# Mississippi Fox Squirrels



## squirrelman86 (Nov 8, 2006)

I'm new at this whole forum thing but i decided to get on just to conversate amongst my fellow hunters. I'm from MS. and our fox squirrel population appears to be unplentiful, at least where i hunt. I am a very skilled squirrel hunter, but these fox squirrels seem to elude me. I hunt in the types of habitats that they like to live in, with their favorite food sources but i still can't seem to see any. Do you guys have any suggestions?


----------



## Turner (Oct 7, 2005)

go into the area where they feed, oak and walnut tress are the best.

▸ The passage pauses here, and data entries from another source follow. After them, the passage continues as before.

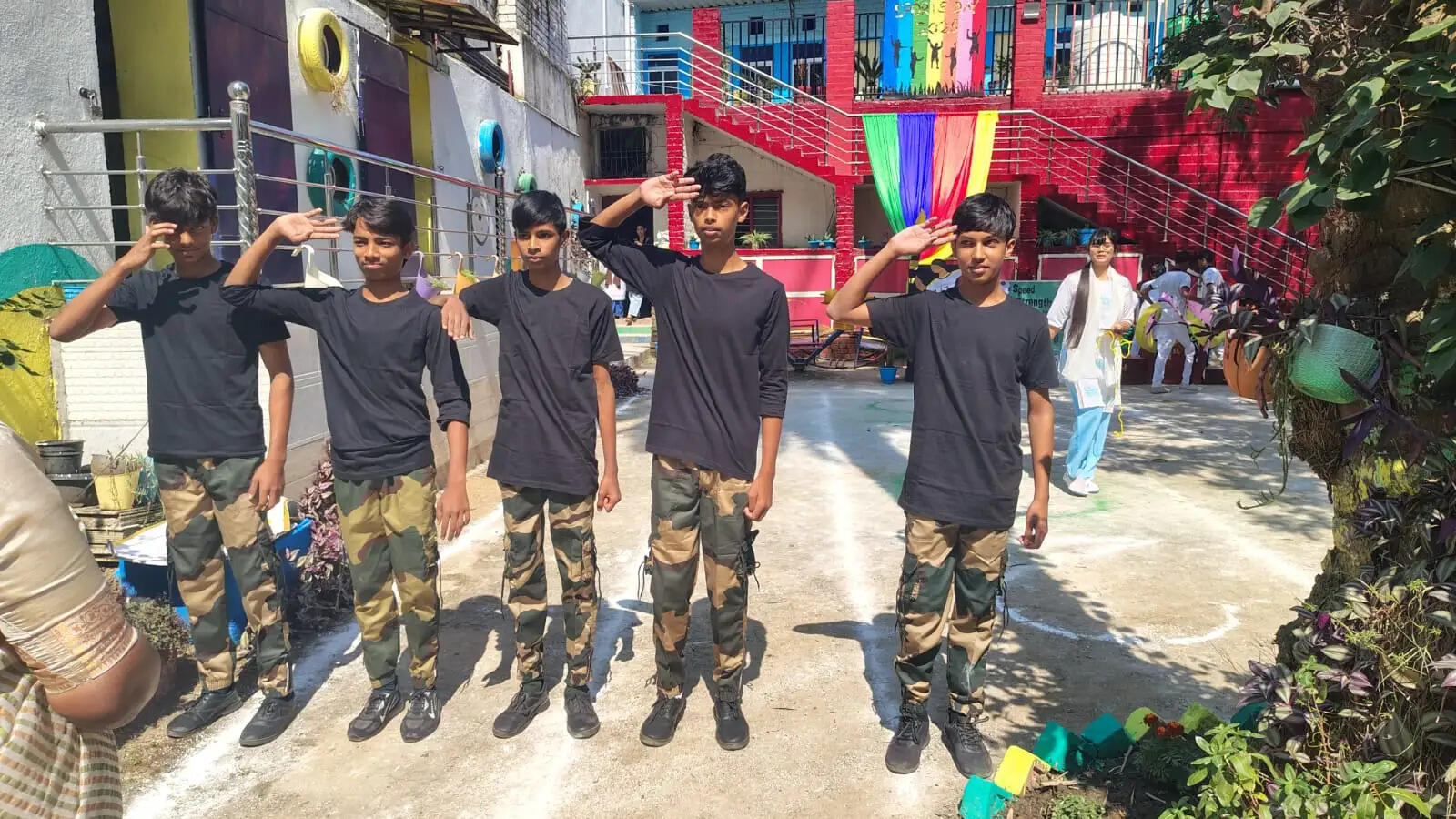 रेड सी इंटरनेशनल स्कूल में वार्षिक खेलकूद प्रतियोगिता आयोजित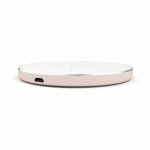 Satechi Wireless Charging Pad Fast Charge - поставка (пад) за безжично захранване за QI съвместими устройства (розово злато) 2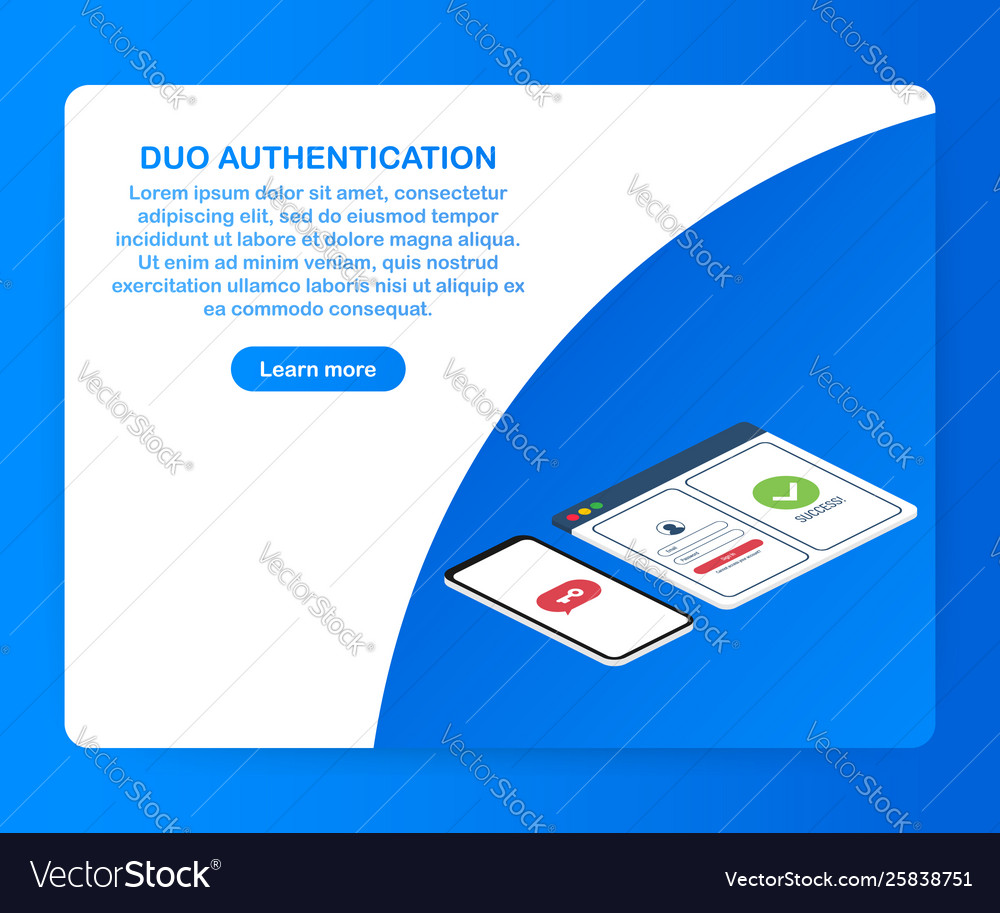 Dual factor authentication concept based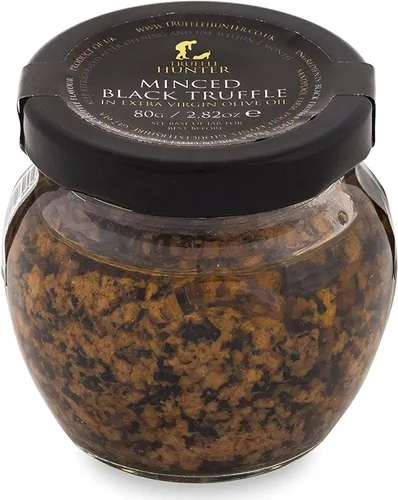 Miniatura 15 de TruffleHunter - Trufa negra picada - Trufas conservadas en aceite de oliva extra virgen - 2.82 oz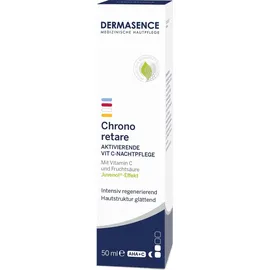 Dermasence Chrono Retare Nachtpflege aktivierend Vitamin C Creme 50 ml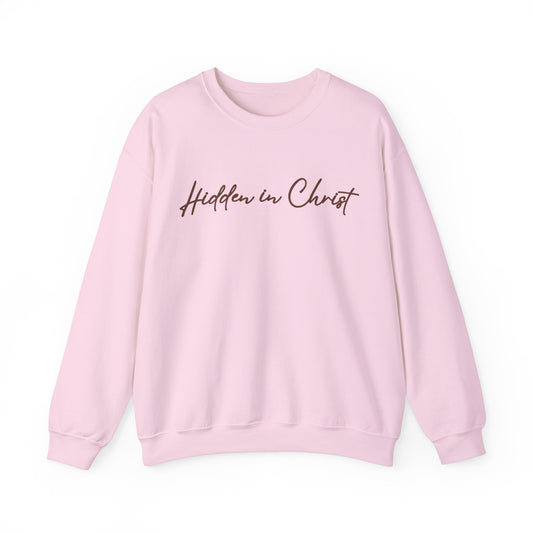 Hidden in Christ Crewneck Sweatshirt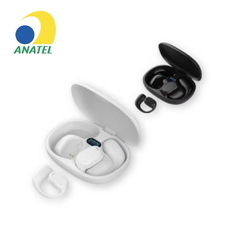 ￼Fone De Ouvido Bluetooth Preto/Branco A' Gold FN-BT8 na internet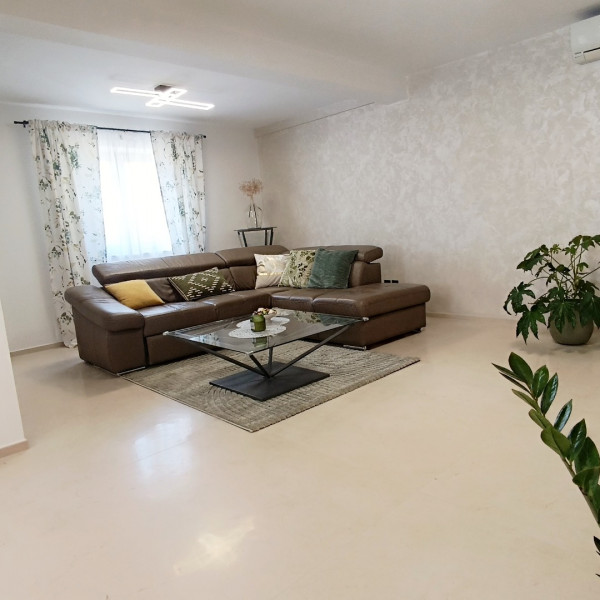 Das Wohnzimmer, Villa Križanci, Villa Fenix, Križanci - Žminj, Istrien, Kroatien Žminj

Sit down with your back up against a tree and don't move. They will come out and carry on once they think it's safe again. After you shoot one, just watch where it lands and wait some more, you should be able to get 2-3 out of one location before they get wise to you. That's how we did it when I lived down in southern IL.


----------



## squirrelman86 (Nov 8, 2006)

I'm great at killing them. My problem is seeing them. I have killed only 7 fox squirrels my entire life as opposed to nearly 400 grays. I have problems seeing them. I hunt around oak trees, hickory trees, pine trees, horse apple trees and many other of their favorite foof sources. I hunt along fence rows and patches of woods surrounded by open areas. All of these are known as prime fox squirrel habitats. I just cant see the animals. My junior year in high school I killed 78 squirrels b/w the months of October and early January. Of all of those squirrels, only 3 were fox squirrels and thats b/c thats all i saw. I'm asking what tactics or areas could i use or hunt to see more fox squirrels?


----------



## Cleankill47 (Jan 19, 2006)

Where there are lots of gray squirrels, there will not be very many fox squirrels. Gray squirrels can eat apples, acorns, and other fruits and nuts long before they are ripe enough to be edible by fox squirrels. Therefore, a large population of grays means almost no fox squirrels will be able to survive in the same area. For example, where I live in Georgia, I have never seen a fox squirrel in the 10 years I've been hunting.

I would actually suggest that if you want to be able to hunt fox squirrels, then take a few years or so and hunt nothing but grays. That is really all you can do...

:sniper:


----------